Just another Big Sky sunset...NBD. (Taken in the spring, circa 2011 near the "M" southeast of town.)

What Bozeman is not typically known for is good rock...and for some good reasons. Compared to climber paradises like Boulder and Bishop, this B-town doesn't really keep up with the Joneses. Yet the rock we do have is (generally) phenomenal. There are six well-established bouldering areas *near town, all of which are included in SW MT Blocs, Erik Christensen's guide to bouldering in Southwest Montana. (*Note: Montana's version of near.) The three areas I frequent most often and featured below in my top ten favorite problems include Whisky Gulch and the Trailer Boulders east of Bozeman near Whitehall, and Yankee Jim in the Paradise Valley. 

 Jarred Pickens climbing on Caught in the Act, a classic V8 at Whisky Gulch. 

Jarred Pickens climbing on Caught in the Act, a classic V8 at Whisky Gulch. 

There's also a half dozen or more areas being developed as local climbers seek "the fantastical Montana bouldering mecca," as Sander Pick once said in an interview for an article about MT bouldering development. The article was edited down to a bare-bone news piece that left out colorful quotes from developers about the why and how of their work in the woods. For example, the one and only Laydee Sharkfist, in regards to developing problems in Mile 18, said, "I loved being out there because of the solitude of the area and beauty of the mountain range. And because of the bear poop. And the bears that made the poop."

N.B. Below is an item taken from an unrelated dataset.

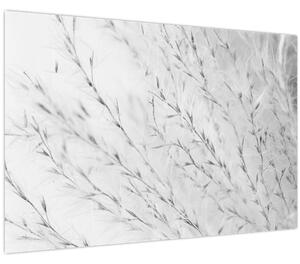 Slika - Pampas trava N⁰2 (90x60 cm)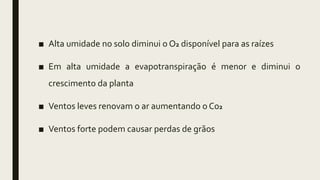 ■ Alta umidade no solo diminui o O2 disponível para as raízes
■ Em alta umidade a evapotranspiração é menor e diminui o
crescimento da planta
■ Ventos leves renovam o ar aumentando o C02
■ Ventos forte podem causar perdas de grãos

The Laydee herself cleaning off a line in the Tobacco Roots. 

Then there's Thomas Kingsbury. Between him, Andrew Whimore, Kevin Hutchinson, Patrick Kingsbury, Patrick Odenbeck, and others, upwards of 1500 problems have been established in the Boulder Batholith (including the Trailer Boulders). Thomas said, "I'm always curious about what's 'five minutes farther' into the woods...There is a certain delight in finding a great boulder and piecing together a new problem...while I find joy in establishing these problems and areas, I seem to find greater joy in sharing these areas." The Batholith crew has three guides available for the area; you can find them here

Thomas also said "a major gift to climbing is the beta and history passed down." Amen, brother. Thank you to all the developers and guide book authors in the Bozeman area working towards expanding our options.  Here's my ten cents for enjoying the regal sport of pebble wrestling in southwest Montana.

Top Ten Favorite Problems

Inge Perkins on Fear of Friction. 

Bumper Ball (VO, Yankee Jim): this overhanging jug haul is as fun as its namesake. With lots of holds and a relatively easy top-out, it's a great warmup or a user-friendly introduction to steep bouldering. 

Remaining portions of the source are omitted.